Le blog de Chut !

undefined Les bottes sont pour moi d'obscurs objets de désir.
J'adore glisser mon pied à l'intérieur, comme dans la gangue d'un fruit entr'ouvert et à peine mûr ; sentir leur tige me caresser le mollet ; entendre le chuintement de leur fermeture qui se referme ; regarder mes jambes enveloppées d'une gaine de cuir, de nubuck ou de vinyle. Et me découvrir enfin dans la glace, cuisses tendues et reins creusés, juchée en équilibre sur de hauts talons.
Car pour moi, bottes et talons vont forcément de pair. Carrés, bobine ou aiguille, ils donnent forme et noblesse à la matière. Cambrent la cheville, élancent la silhouette en sublimant ses rondeurs.
Leur martèlement même n'est pas anodin.
Clic, clac.
En temps de guerre, attribut de l'occupant résonnant sous les fenêtres, il semait la terreur.
En temps de paix, inoffensif, il s'égrène comme une musique. Note claire, silence, double croche et soupir. Essence de la féminité.
Si les jambes des femmes sont des compas qui arpentent le globe terrestre, les bottes en sont les aiguilles pointant le nord.      
                                                           Magnétique(s), forcément.

Un des avantages des bottes (non négligeable pour les coquettes...) est de se marier avec tout. Jupe courte, pantalon large façon cosaque, jeans retroussé sur le genou... Grâce à elles, la tenue la plus banale devient fatale.

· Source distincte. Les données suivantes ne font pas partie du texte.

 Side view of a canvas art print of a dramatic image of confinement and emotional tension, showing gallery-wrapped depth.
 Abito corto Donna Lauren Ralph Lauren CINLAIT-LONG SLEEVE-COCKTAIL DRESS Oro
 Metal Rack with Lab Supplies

Je l'avoue sans difficulté : des bottes je suis aussi collectionneuse que toquée. Pas moins de dix paires s'alignent au garde-à-vous dans ma penderie. Certaines n'en sortent que rarement. D'autres ont parcouru sans répit les rues de ma ville. Celle qui a ma préférence est sortie craquelée de toutes nos randonnées. Compagne de route au cuir patiné, à la semelle polie par le macadam, elle paye sa servitude au prix de son usure. Je ne l'en aime que davantage.

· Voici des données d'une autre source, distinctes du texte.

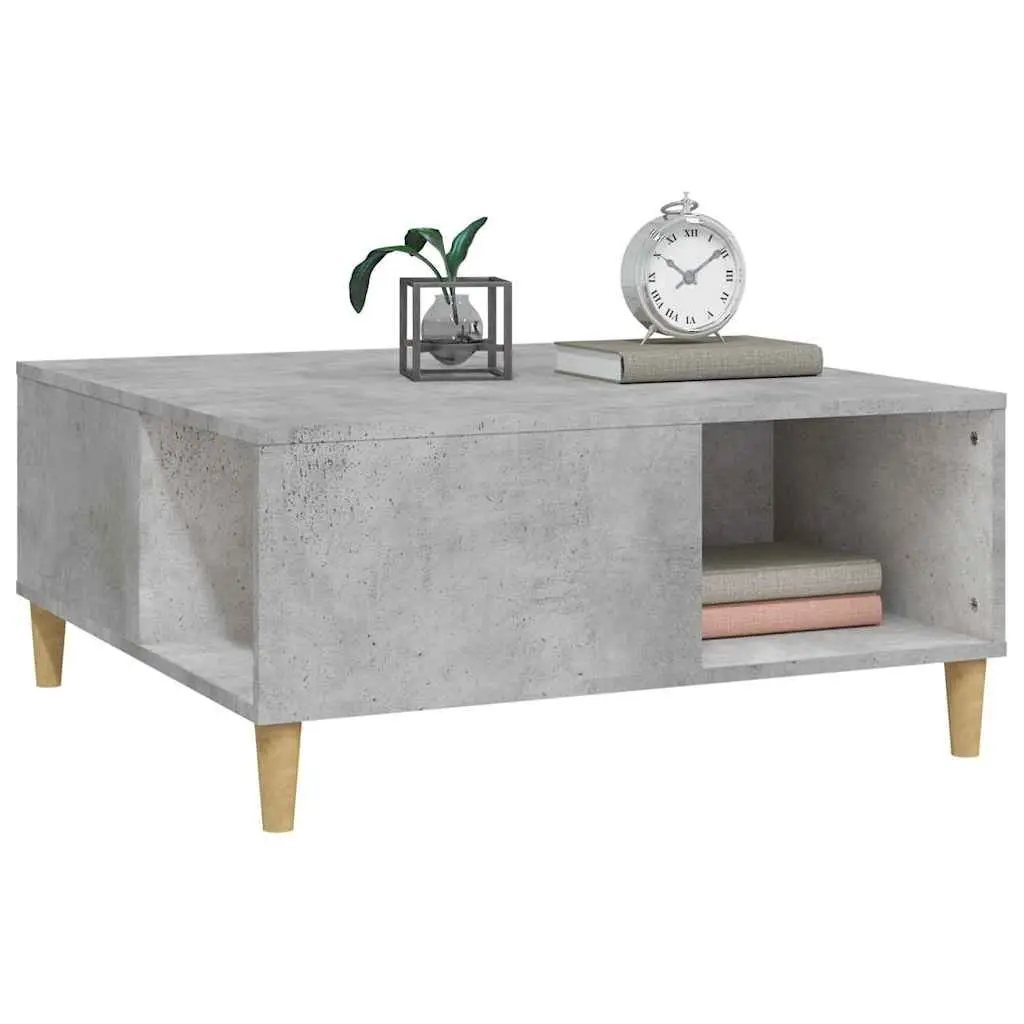 Coffee Table Grey 80 x 80 x 36.5 cm with Storage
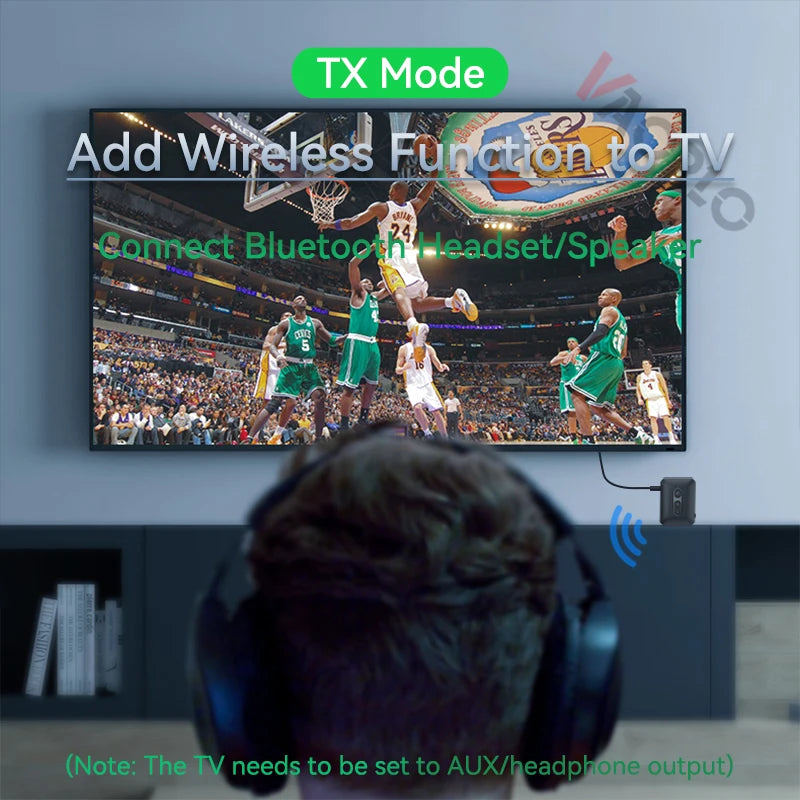Transmisor receptor inalámbrico Bluetooth 5,4, adaptador de Audio estéreo HIFI AUX/U Disk/TF de 3,5mm con micrófono para Kit de coche, altavoz, PC y TV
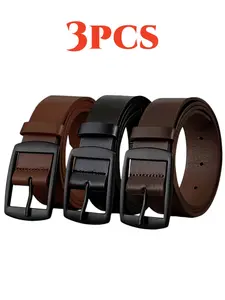 Men's Fashion Belt Set, Designer Casual Denim Belts, High-Quality Synthetic Leather, 3 Color Options, Ideal for Daily Training, Outdoor Sports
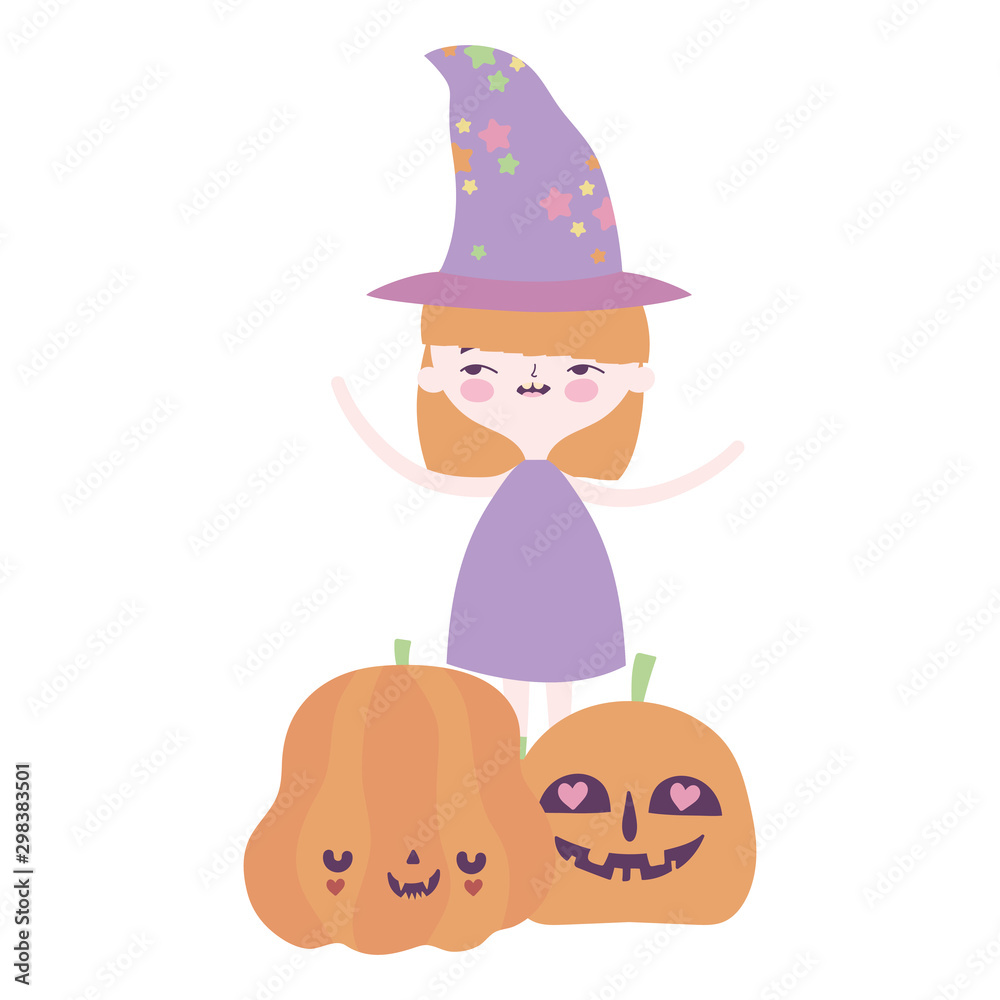 happy halloween celebration girl witch costume and pumpkins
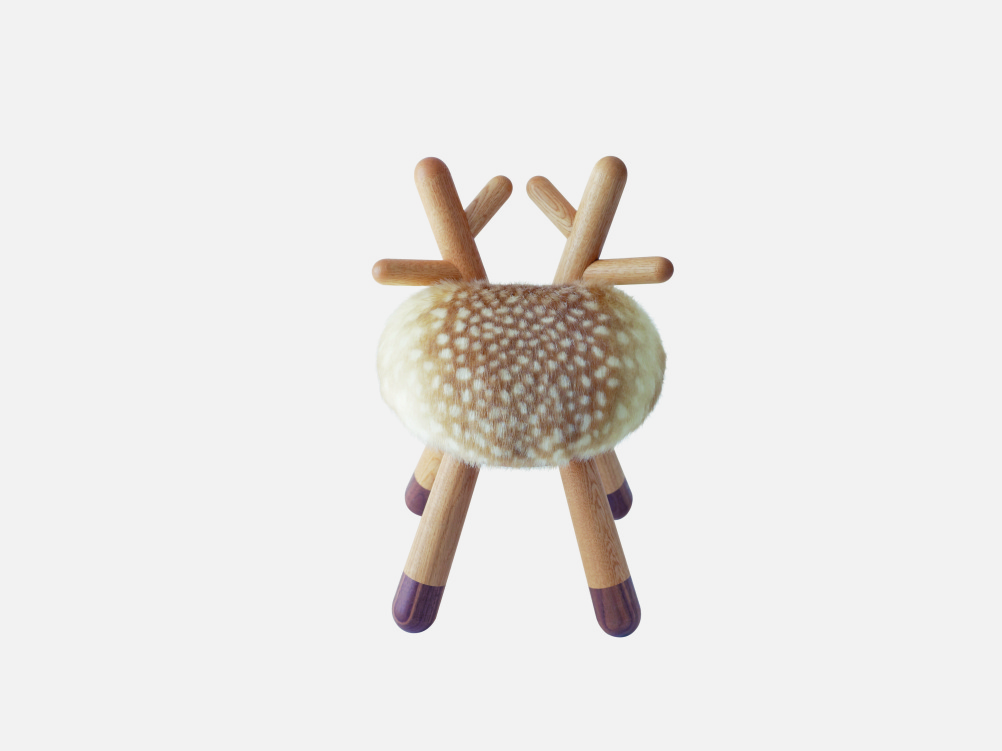 Bambi chair, 2012, Takeshi Sawada; Oak, walnut, synthetic fur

Il y a dix ans, alors que je me tuais en études sérieuses, je me servais des bottes pour briser les codes : le mardi, c'était paléographie. Et le mardi, je grimpais quatre à quatre les escaliers, en retard, courte vêtue et haute bottée.
Derrière la porte de la salle, ça ne rigolait pas, ça traduisait.
J'entrais sans frapper. En rang d'oignon derrière leur pupitre, de jeunes étudiants déjà vieux. Futures momies aussi parcheminées que les manuscrits. Repoussoirs instruits auxquels je ne voulais pas ressembler. Les textes rébarbatifs du Moyen Âge avaient fini par déteindre sur leur esprit. Clos comme des châteaux hérissés de remparts, protégés par les douves de la bienséance.
Je traversais l'allée dans un silence de mort. Sur mon passage, les regards baissés se relevaient. Convergeaient sur le corps du délit. Non le mien en entier, seulement une partie : mes cuissardes.
Je m'asseyais et ouvrais mon classeur pliée de rire.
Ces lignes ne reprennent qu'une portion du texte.